James 1:22 says, “Do not merely listen to the word, and so deceive yourselves. Do what it says.” That’s pretty clear.
And prayer gives us the power of God through the Holy Spirit to put His Word into action.
We know it is God’s will for us to live according to His Word. And here is a great promise of prayer: “This is the confidence we have in approaching God: that if we ask anything according to His will, He hears us. And if we know that He hears us—whatever we ask—we know that we have what we asked of Him” (1 John 5:14-15).
We can’t ask for just anything and expect the Lord to give it to us. But communication with our spouses that shows love, grace, and care—this is His will. And when we ask for the Lord’s help to communicate this way, we can be sure our loving, caring, gracious Father will answer this prayer and give us the power to speak and act with loving grace.
Questions to Ask Yourself
- Think of a recent time when you spoke to your spouse in an unloving, harmful way. What was the situation? What could or should you have done differently?

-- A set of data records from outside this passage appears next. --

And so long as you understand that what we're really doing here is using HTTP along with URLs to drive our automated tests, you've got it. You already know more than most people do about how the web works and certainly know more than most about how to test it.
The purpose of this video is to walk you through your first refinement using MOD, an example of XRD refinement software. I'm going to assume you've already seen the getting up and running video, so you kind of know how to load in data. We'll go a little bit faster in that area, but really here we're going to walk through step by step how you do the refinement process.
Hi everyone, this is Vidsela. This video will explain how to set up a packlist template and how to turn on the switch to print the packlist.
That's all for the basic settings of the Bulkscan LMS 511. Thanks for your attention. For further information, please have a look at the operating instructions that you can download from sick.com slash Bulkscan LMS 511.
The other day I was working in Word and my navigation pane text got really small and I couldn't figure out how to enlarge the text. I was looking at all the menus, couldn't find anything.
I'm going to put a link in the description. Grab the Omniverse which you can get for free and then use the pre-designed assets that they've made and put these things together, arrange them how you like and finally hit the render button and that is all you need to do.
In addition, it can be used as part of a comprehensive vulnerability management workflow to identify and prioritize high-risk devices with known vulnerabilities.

- Do you spend time with the Lord every day–reading His Word and praying? If you do, are you really seeking to grow closer to Him or are you just checking a task off your to-do list?
Applying This to Your Life
- Prepare your heart by spending time each day alone with the Lord–reading His Word, seeking His will, and praying for help to communicate love and grace to your spouse (and everyone).

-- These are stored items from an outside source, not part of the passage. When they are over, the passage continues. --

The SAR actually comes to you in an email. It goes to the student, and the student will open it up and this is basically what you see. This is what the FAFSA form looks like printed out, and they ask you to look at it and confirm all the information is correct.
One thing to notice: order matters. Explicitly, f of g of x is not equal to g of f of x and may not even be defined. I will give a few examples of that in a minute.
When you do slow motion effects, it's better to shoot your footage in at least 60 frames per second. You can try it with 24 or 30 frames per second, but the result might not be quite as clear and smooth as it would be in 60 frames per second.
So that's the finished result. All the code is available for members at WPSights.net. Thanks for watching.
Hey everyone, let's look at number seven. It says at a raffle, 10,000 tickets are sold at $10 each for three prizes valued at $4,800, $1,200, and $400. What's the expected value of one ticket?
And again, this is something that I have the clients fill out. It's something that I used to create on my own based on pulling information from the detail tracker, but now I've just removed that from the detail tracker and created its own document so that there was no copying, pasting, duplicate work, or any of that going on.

- When you see something in God’s Word that you need to do…
– Make the decision to do it.
– Work out a plan to put it into practice.

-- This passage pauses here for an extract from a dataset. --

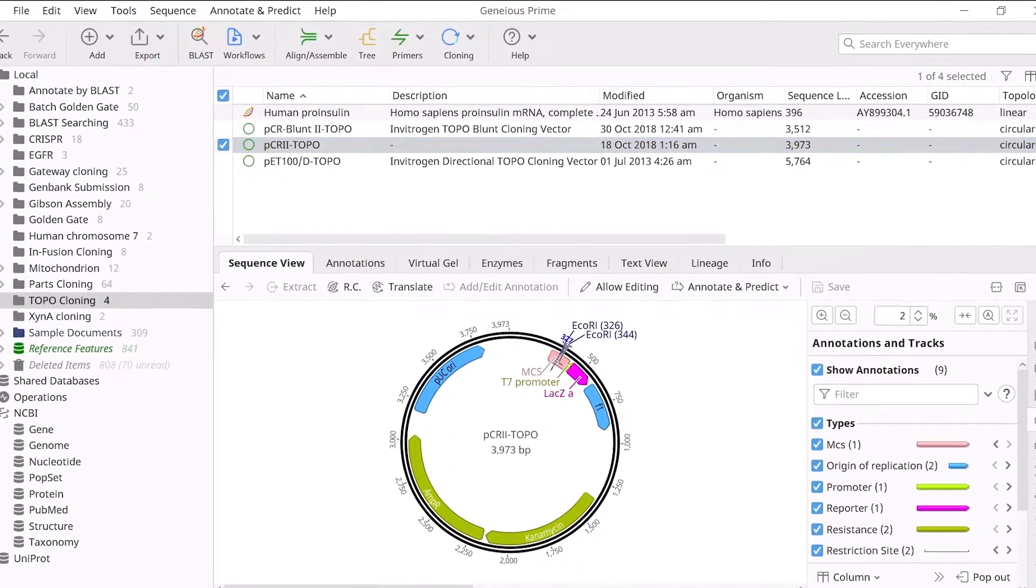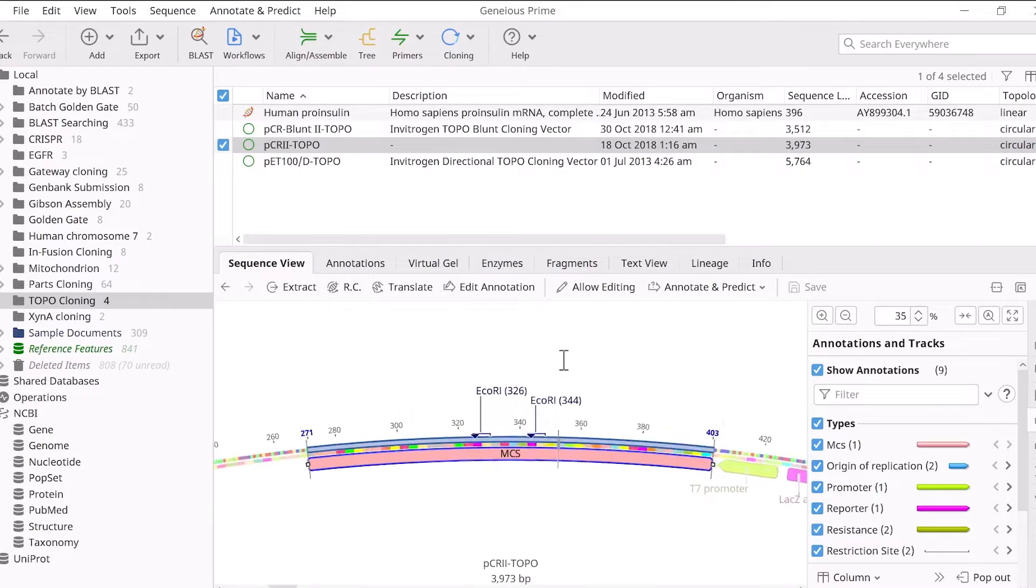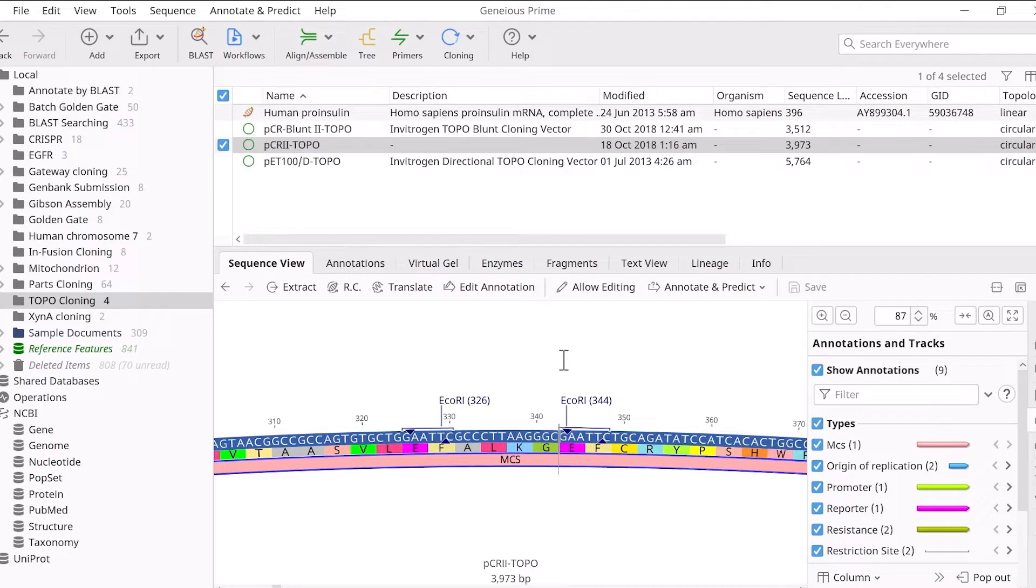Topo TA cloning requires a TA cloning vector containing a topo site. Genius will automatically detect this topo site during the simulation.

– Share your plan with your spouse and ask him/her to help hold you accountable.
– Pray–ask the Lord to give you success in following through.
– Put the plan into practice–over and over again.
Constant communication with God—through reading His Word and prayer—allows us to become more like Him. And as we do so, our communication with our spouses will reflect His love and grace.
One way to improve your communication with each other is to have a weekly time for coming together as a couple to share what’s going on in your life. We like to call this time Couple Connect. It can be a powerful tool to help you grow closer and strengthen your marriage. Read all about it here.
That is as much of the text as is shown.